Keep Exploring New Things To Be Nostalgic For

Of course, nostalgia isn’t just about happy memories about pleasant moments with other people. It’s also about the things we used to love. We’ve all had moments where we turn to old music, movies, places, fictional characters or games. That’s fine, and great for a night of revelling in the past. Taken too far though, there’s a danger of getting stuck there.

Slate took a look at why exactly we get so nostalgic for certain songs and while music has its own powers to provoke nostalgia, it’s certainly the case with just about all media. In short, our memories tend to get tied to music in two ways. First, songs become memories in themselves, where we recollect the first time we heard a song alongside the memory of the song itself. Second, music ends up forming a soundtrack to a particular time in our lives and what we felt like in those moments. In a way, we’ll never love new songs as much as those from our youth, because the nostalgia of those moments will always outweigh the (typically) more intellectual tastes of adulthood. Left unchecked, this can prevent you from exploring new things.

Speaking with BBC, writer Damian Barr sums up the nostalgia for things nicely:

You shouldn’t revisit it as a way of avoiding the present or not thinking about the future. If you spend too much time thinking about the past, you are simply not going to be prepared for the future socially or emotionally.
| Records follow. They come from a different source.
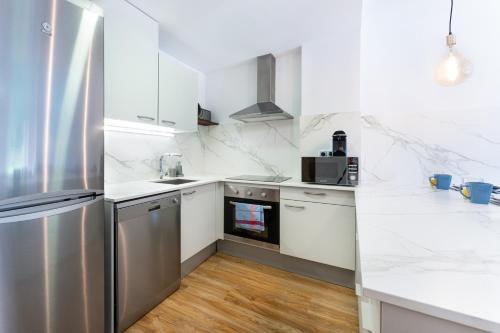 ¡Precioso moderno en Arinsal! 4Pax Parking RO (Barthe Holidays I Apartamento Moderno en Arinsal 4PAX a pie de pistas I Balcon con vistas y parking ) in Arinsal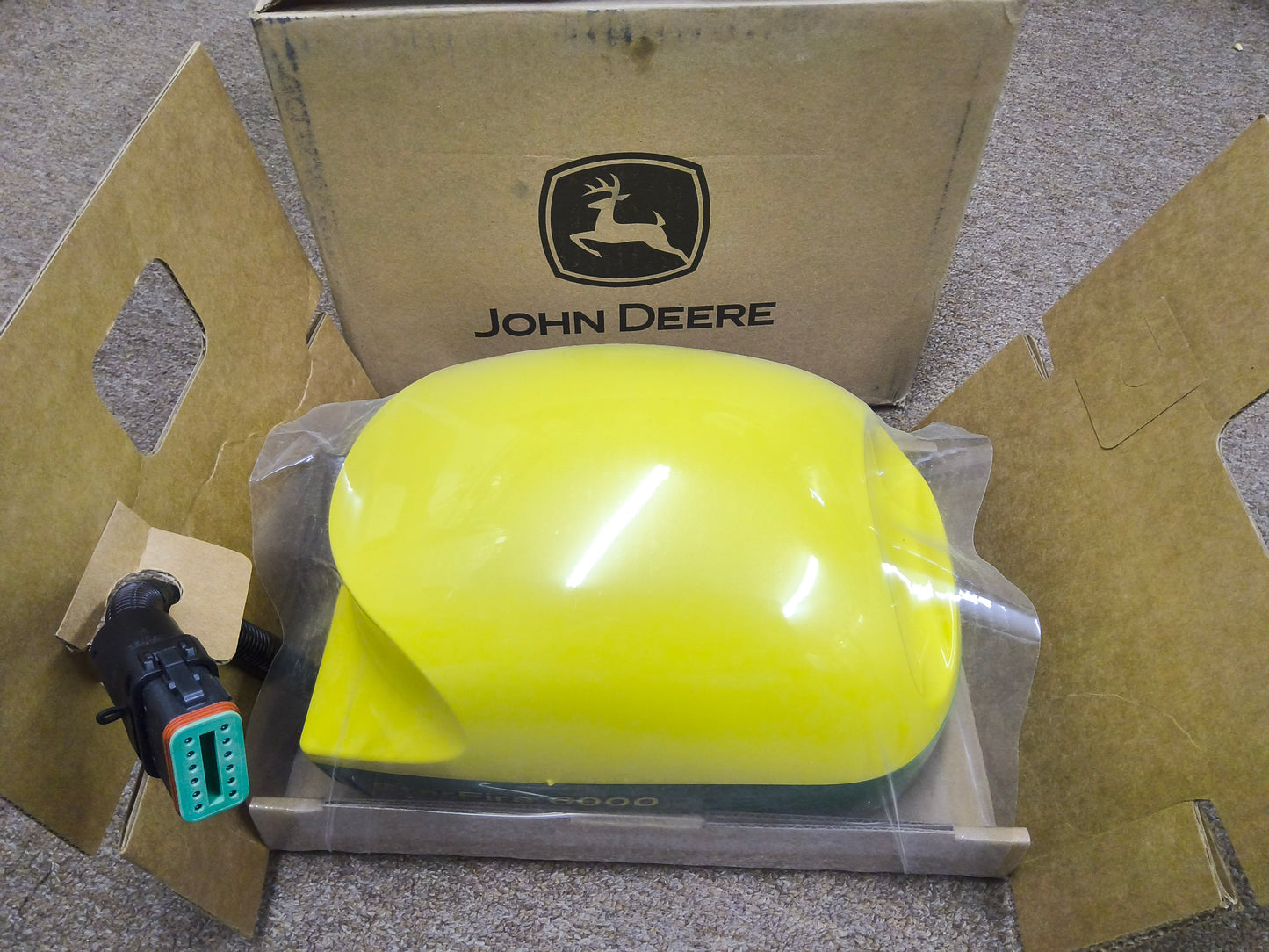 John Deere StarFire™ 6000 GPS Receiver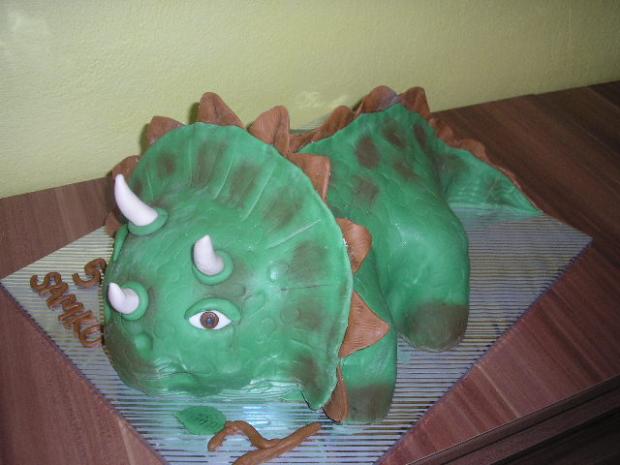 Dino (asi triceratops), torta, Torty so zvieratkami Dino (asi triceratops), torta, Torty so zvieratkami, Denideni, 1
When you’re revisiting your past to avoid the present, you’re not forming new experiences. That’s a problem. As we know, new experiences are important and keeping things fresh is good for the brain. The inherent danger of nostalgia comes from a refusal to move onto new things. After all, why watch new movies when the ’80s clearly had all the best films? Why go to new restaurants when the old ones have the perfect menu? Why find a new band to love when it seems like your old favourites are all going on reunion tours?

The glitch with nostalgia comes when we stop creating new memories because we’re too busy thinking about the past. That creates a cycle where you’re not doing new things, making new memories, enjoying time with new people or learning new lessons. Speaking with The New York Times, researcher Dr Sedikides points out that regardless of the benefits of nostalgia, you still have to create new memories:

“I don’t miss an opportunity to build nostalgic-to-be memories,” he says. “We call this anticipatory nostalgia and have even started a line of relevant research.”

If nostalgia acts as a store of positive memories to call back on when you’re feeling down, you have to create new ones before that storage runs out. It’s easier to fall back on old times, but breaking out of that comfort zone is well worth the trouble.